Courtesy of The Financial Times, a look at Mexico’s hydrocarbons sector:

Mexico’s government recently passed reforms repealing important limitations on oil and gas ownership introduced in 1938.While these reforms will reshape Mexico’s energy industry over the next few years, they will also bring about investment opportunities in the energy industry throughout the rest of Latin America.

The proposed privatization of Pemex, the state oil company, would open up 17 per cent of currently producing oil fields to foreign exploitation and allow foreign companies to bid for development rights to 79 per cent of Mexico’s reserve fields. In addition, the state-owned Federal Electricity Commission (CFE) is set to face competitors. Mexico’s energy industry, which was in decline due to the dire need for improved technology, investment and reserve management, is now gushing with investment opportunity that will be principally supported by investors from the US and Canada. However, there will also likely be great interest from investors worldwide.
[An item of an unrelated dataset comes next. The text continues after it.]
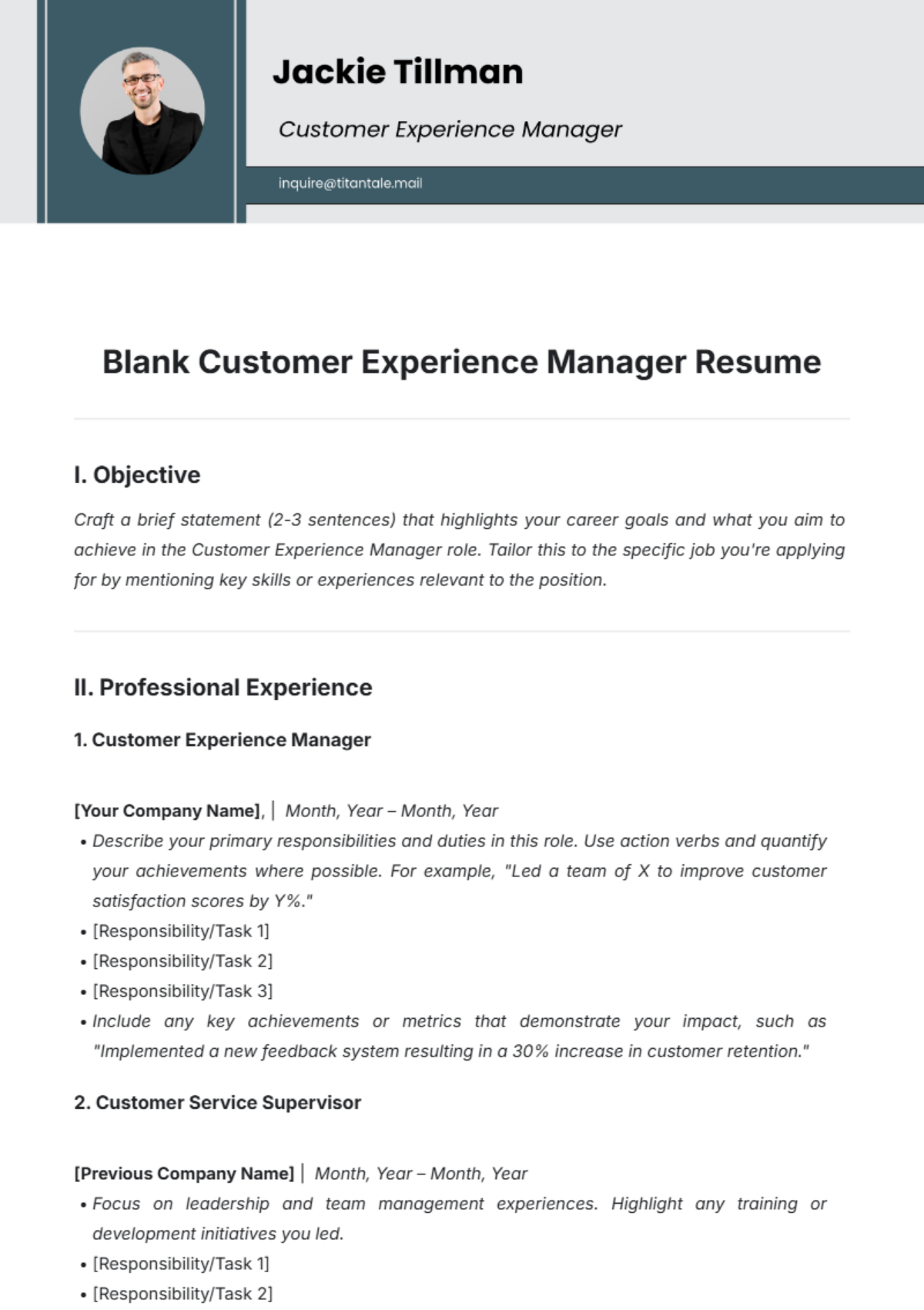 Blank Customer Experience Manager Resume Template - Edit Online & Download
According to the U.S. Energy Information Administration, Mexico ranks among the top 10 countries for recoverable shale oil and shale gas. Mexico is also the third largest exporter of oil to the US, and the second largest pipeline importer of natural gas from the US. These are attractive numbers to companies such as Exxon, which is making its first investments in Mexico in 75 years, undertaking offshore oil exploration. This is noteworthy given that deep water wells typically represent an investment of over $1bn with a 5-10 year time horizon.

There will be several rounds of bidding for oil franchises. In round one, some more challenging offshore and shale sites (including those adjacent to the Eagle Ford field in Texas) are up for bid for development by Pemex in tandem with foreign or private partners. In the second round any uncommitted fields are open to all bidders. The contemplated third and fourth rounds are also expected to generate very significant investments and pump billions of dollars into Mexico’s economy.
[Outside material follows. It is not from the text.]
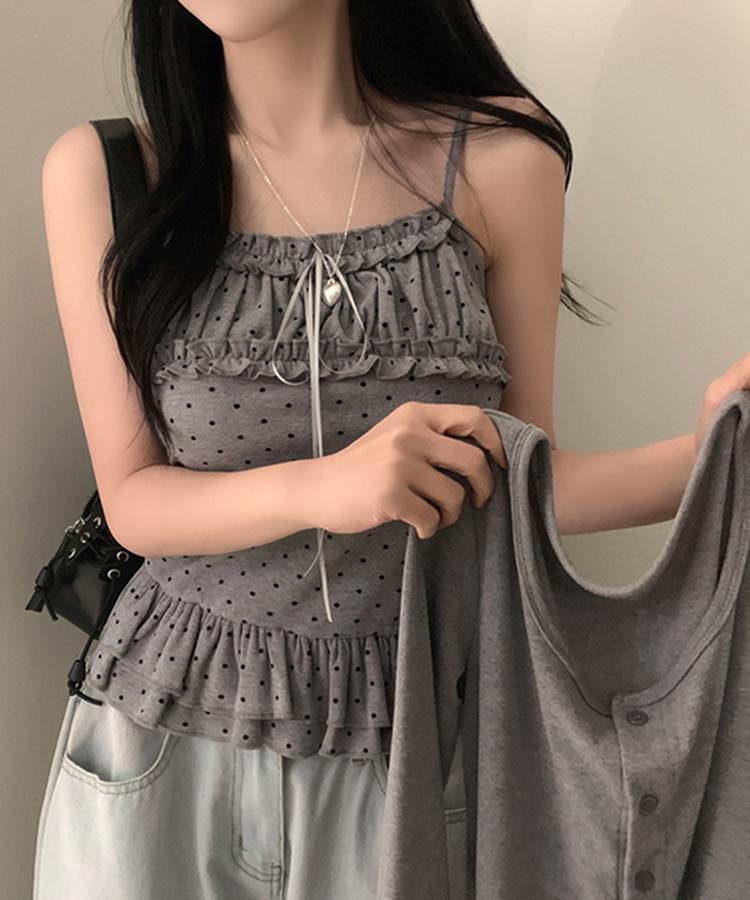 【SET】リボンフリルキャミソール＋カーディガン GREY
Then investors will start looking outside of Mexico, and at potentially more risky investments fueled by the region’s volatile political history. For energy poor Latin American nations like Chile and Peru, the fall in oil prices has clearly been helpful but for countries like Venezuela, Brazil and Colombia, the decline in prices has been worrisome.

The major oil producers are Venezuela, which has by far the region’s largest reserves, then Mexico, followed by Brazil, Colombia and Ecuador. Venezuela has been particularly hard hit by the recent downturn in oil prices because so much of its state revenues depend on oil exports, which have been at best stagnant and made worse by the high levels of sovereign debt.
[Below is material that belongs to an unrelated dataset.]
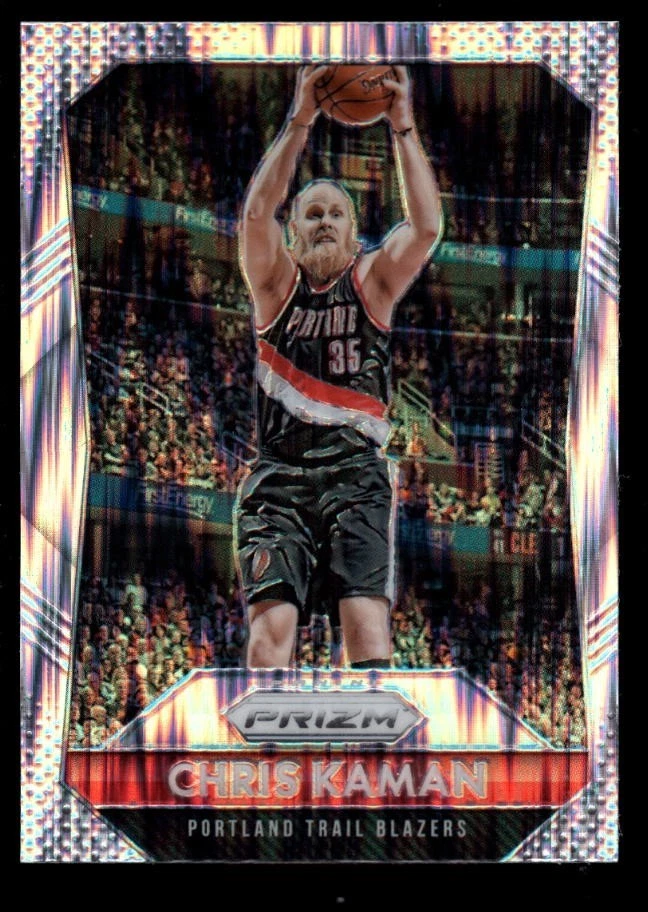 CHRIS KAMAN #189 BLAZERS PRIZMS FLASH SILVER REFRACTOR SP 2015-16 PANINI PRIZM - Image 1 of 1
Petrobras was the shining star of Brazil, but has been hard hit by a mix of political interference, the need to subsidize domestic consumption and, recently, intervention in the bidding process for oil licenses and allegations of corruption. There is no doubt that the current levels of political uncertainty are affecting investment interest. Given its reserves are exceptionally difficult to extract, any deterrence is unwelcome. Brazil needs enormous investment in energy infrastructure development, as the country has some critical weaknesses in its power supplies. Its electricity grid – which draws heavily on hydroelectric power – is in dire need of a massive overhaul.

Oil has also been key for Colombia, whose national oil company is the largest in Latin America. As tensions in Colombia have fallen away, the amount of foreign investment has increased markedly. It is an active oil exporter but in consequence is running its reserves down quite rapidly. In Ecuador, oil is a substantial proportion of the country’s exports, but ironically, because it does not have sufficient domestic refining capacity, the country has to import refined petroleum products.

How Mexico’s energy reforms play out will be enormously influential on Latin America’s economic outlook for both energy producers and consumers.



This entry was posted on Thursday, January 1st, 2015 at 11:34 pm and is filed under Mexico.  You can follow any responses to this entry through the RSS 2.0 feed.  Both comments and pings are currently closed.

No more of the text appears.